YOUR OBJECTIVE: With pictures left out, retype exactly the lines from the one containing "Στο πρόγραμμα της" through the final line of the entries.

=== Begin Enclosure ===

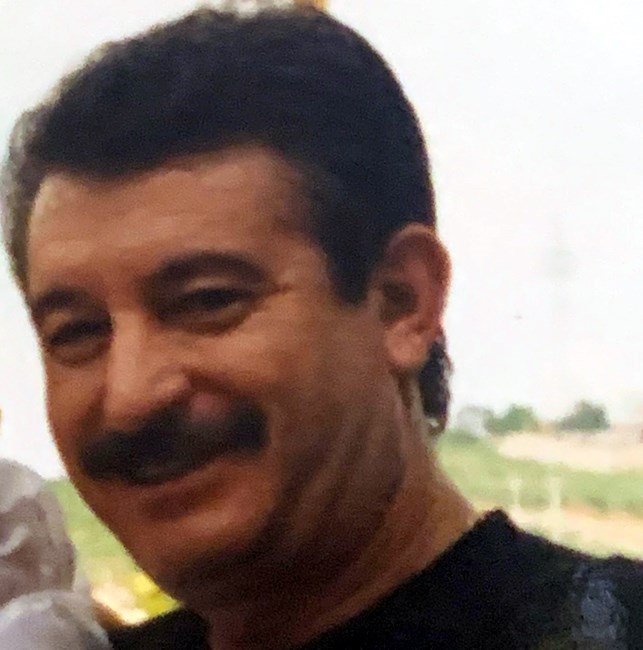 Obituario de Jorge Luis Barrera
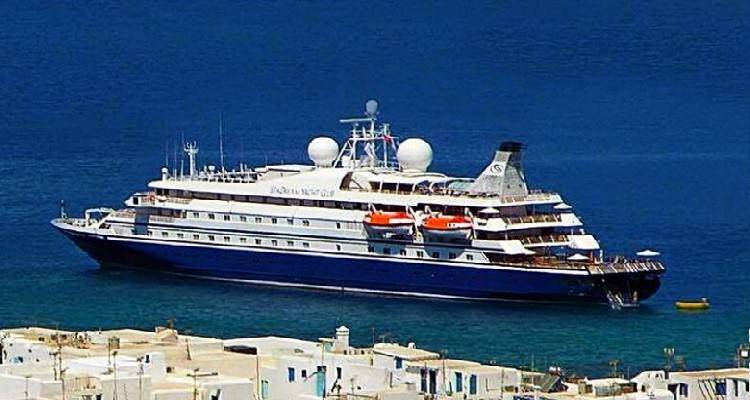 Στο πρόγραμμα της SeaDream Yacht Club η Λήμνος για το καλοκαίρι του 2023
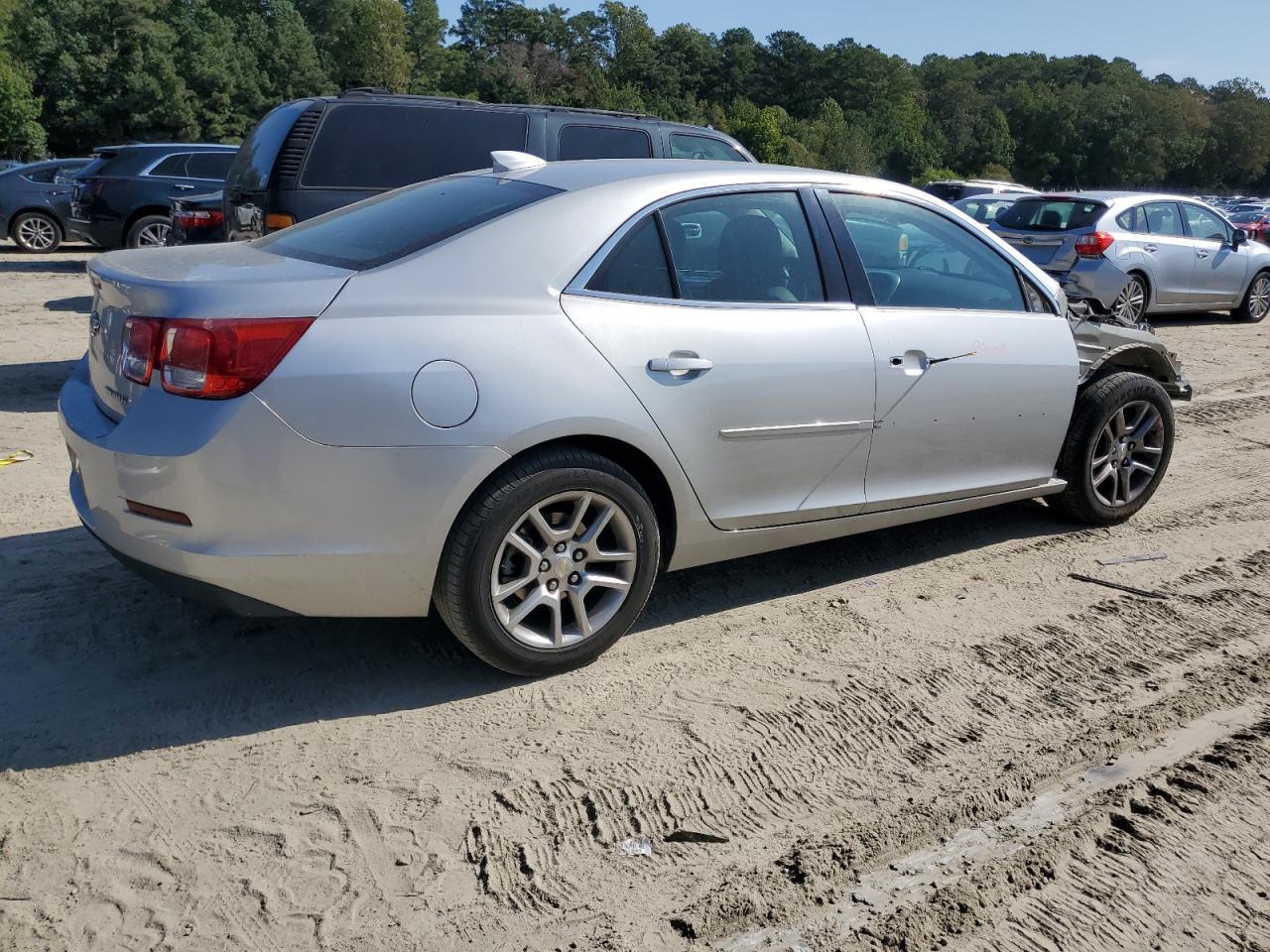 2015 CHEVROLET MALIBU
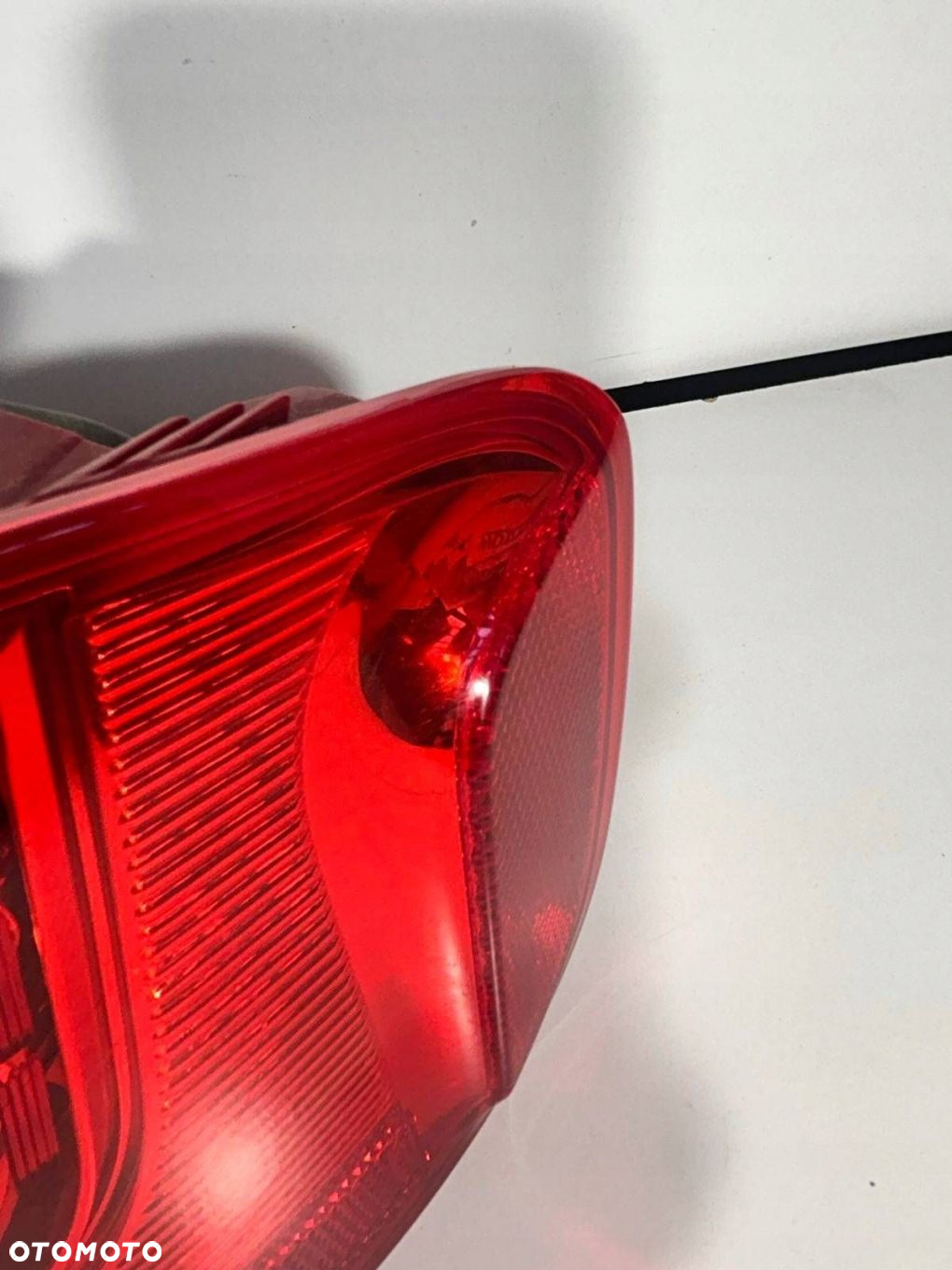 Audi A4 S4 B8 8K 08-11 8K5 945 096 K Lampa tylna Prawa strona SEDAN LED - 6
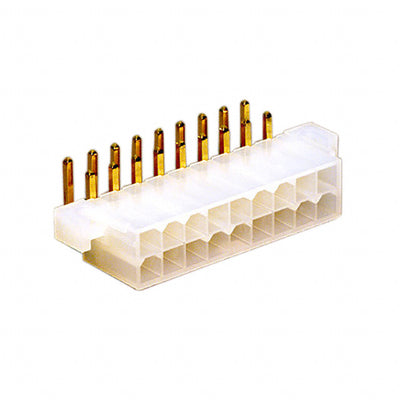 39295183 by Molex - CONNECTOR HEADER R/A 18POS 4.2MM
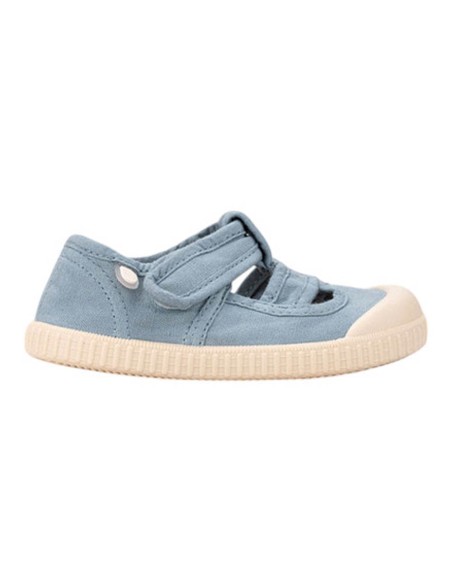 Sandalias de lona Igor Wide Berri Oceano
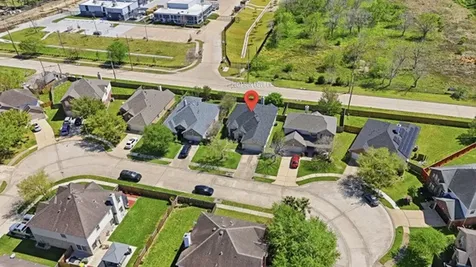 2607 Sun Cove Lane Pearland TX 77584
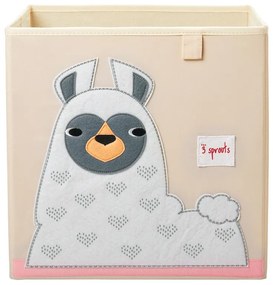 Τετράγωνο καλάθι για παιχνίδια “Elephant” 3Sprouts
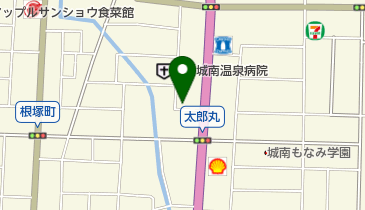 来夢ハウス 太郎丸店の地図画像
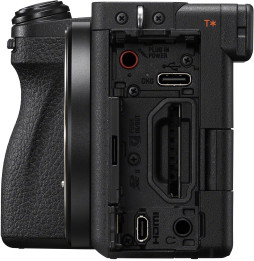 Appareil photo hybride Sony Alpha 6700 boîtier nu (ILCE-6700)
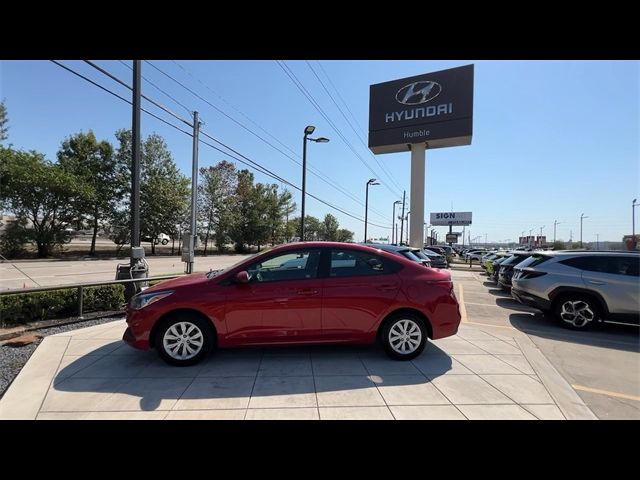 2021 Hyundai Accent SE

=== End Enclosure ===

RESULT FOR THIS EXERCISE:
 Στο πρόγραμμα της SeaDream Yacht Club η Λήμνος για το καλοκαίρι του 2023
 2015 CHEVROLET MALIBU
 Audi A4 S4 B8 8K 08-11 8K5 945 096 K Lampa tylna Prawa strona SEDAN LED - 6
 39295183 by Molex - CONNECTOR HEADER R/A 18POS 4.2MM
 Sandalias de lona Igor Wide Berri Oceano
 2607 Sun Cove Lane Pearland TX 77584
 Τετράγωνο καλάθι για παιχνίδια “Elephant” 3Sprouts
 来夢ハウス 太郎丸店の地図画像
 Appareil photo hybride Sony Alpha 6700 boîtier nu (ILCE-6700)
 2021 Hyundai Accent SE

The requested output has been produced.